The samples were generated from a quadratic function plus noise, but in general the function will be unknown and I don't want to make any assumptions about it other than it is "smooth". In this case, the function at $x \approx 5.8$ happens to be the minimum, but I want to make a statistical argument that the function is minimized at $x=5$.

How should I approach this? Should I fit some kind of nonparametric model to the sample data, and then optimize the fitted, smoothed values? Or are there algorithms that tackle the optimization of noisy function directly?

user2303
  • 433
  • 4
  • 12
  • A starting point may be to simply regress $y$ on $x$ and $x^2$ including a constant. You could then apply robust regression techniques to this approach if is necessary. – John Oct 03 '12 at 18:38
  • The data in the question in the question was only an example. I am looking for a general method to minimize a function without making model assumptions about the relationship between the dependent and the independent variables. – user2303 Oct 03 '12 at 18:46
  • You might be interested in the approach described by [Jones *et al.* (1998)](http://www.ressources-actuarielles.net/EXT/ISFA/1226.nsf/9c8e3fd4d8874d60c1257052003eced6/f84f7ac703bf5862c12576d8002f5259/$FILE/Jones98.pdf).

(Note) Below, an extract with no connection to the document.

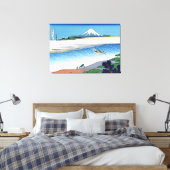 Tama River in der Provinz Musashi Leinwanddruck (Insitu (Schlafzimmer))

Although it focuses on functions that are expensive to evaluate, its approach is the right one in general because it aims to find the optimal point rather than to achieve some kind of good average fit overall. – whuber Oct 04 '12 at 17:27

2 Answers2

4

If you truly have a smooth function with noise there are many ways to fit it. Parametric models linear and nonlinear are possibilities, but based on how you ask the question it sounds like you are looking for some sort of a nonparametric regression. I think splines and loess are options. In the end you are searching for a minimum though. For parametric models local and global minima can be estimated and confidence intervals constructed for it. In the nonparametric situation Bill Huber described a procedure in his answer to a similar question on CV involving time series data. I think the idea can apply to your problem as well.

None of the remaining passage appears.